• **YOUR OBJECTIVE**
Look through the data below and output, unchanged, every line from the one holding "4000 Elmgreen Dr, Fort" through the one holding "Jardinière en Béton", inclusive. Skip the pictures.

== DATASET EXCERPTS

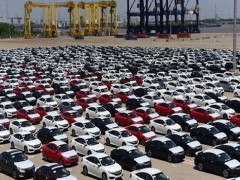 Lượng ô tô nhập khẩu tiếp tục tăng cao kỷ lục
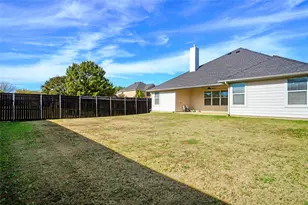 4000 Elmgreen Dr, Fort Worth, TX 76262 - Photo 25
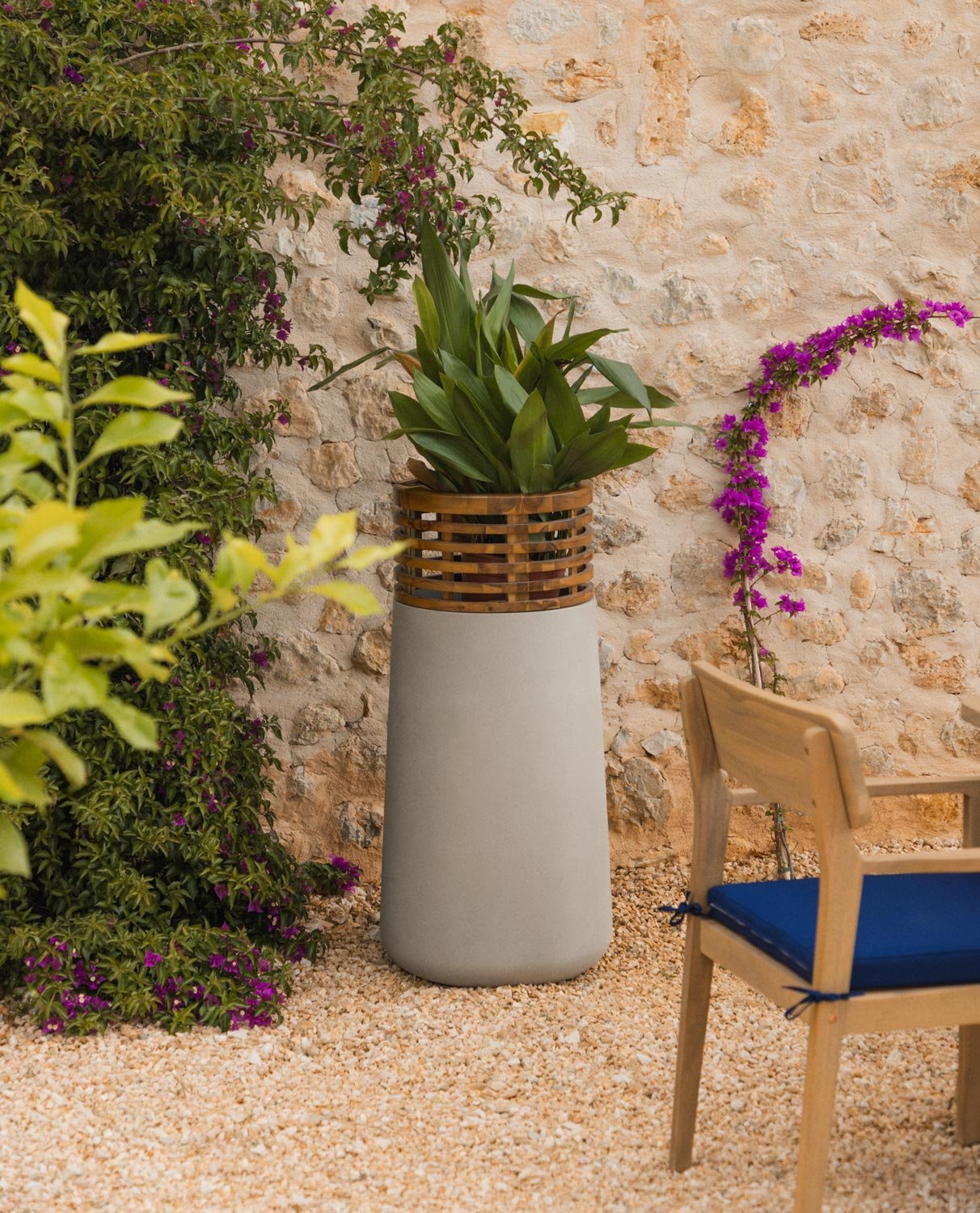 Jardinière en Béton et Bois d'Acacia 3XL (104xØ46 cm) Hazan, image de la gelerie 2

====
== DATASET EXCERPTS

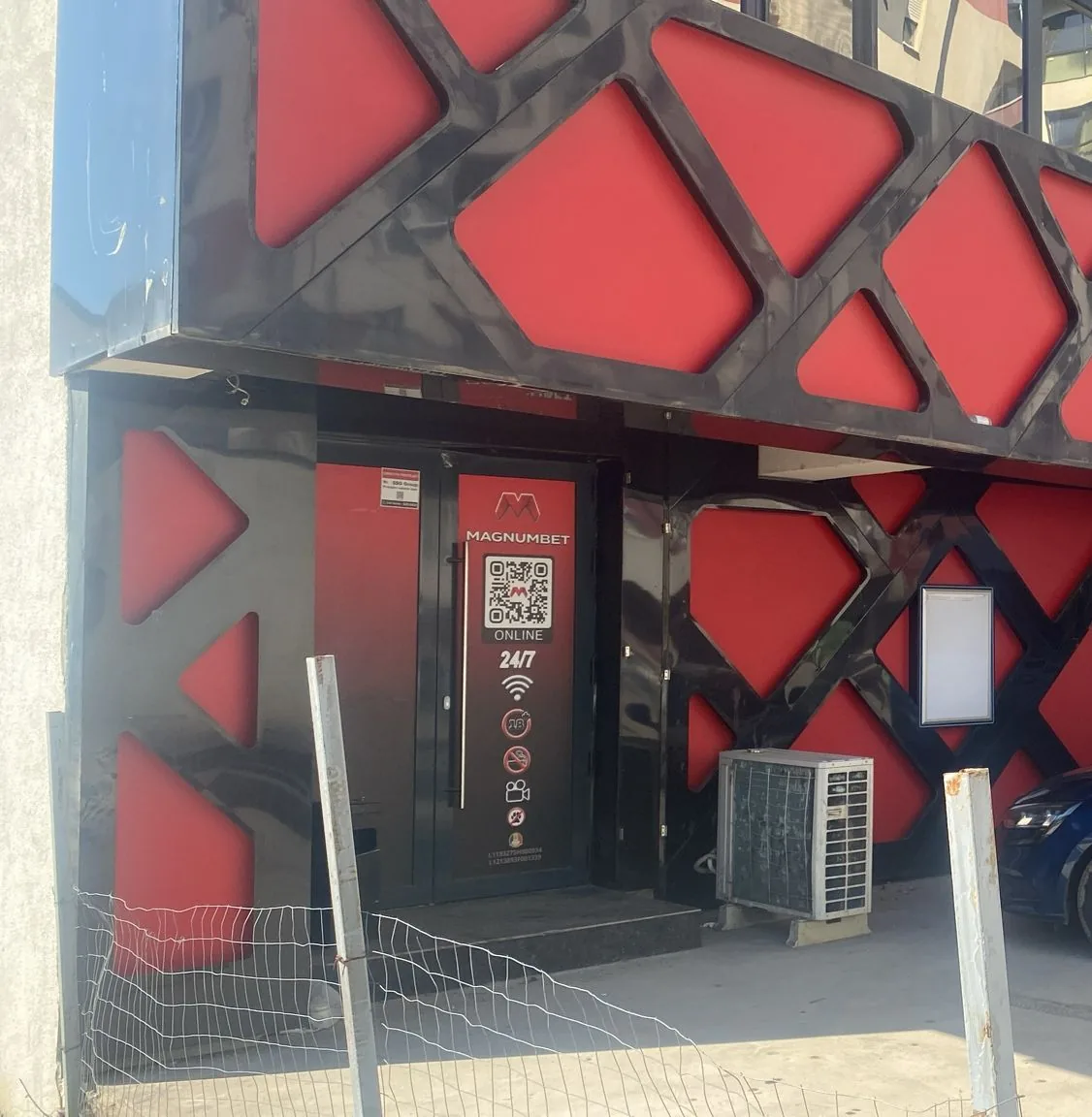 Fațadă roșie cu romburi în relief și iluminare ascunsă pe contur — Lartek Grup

====

• **RESPONSE TO THE EXERCISE**
 4000 Elmgreen Dr, Fort Worth, TX 76262 - Photo 25
 Jardinière en Béton et Bois d'Acacia 3XL (104xØ46 cm) Hazan, image de la gelerie 2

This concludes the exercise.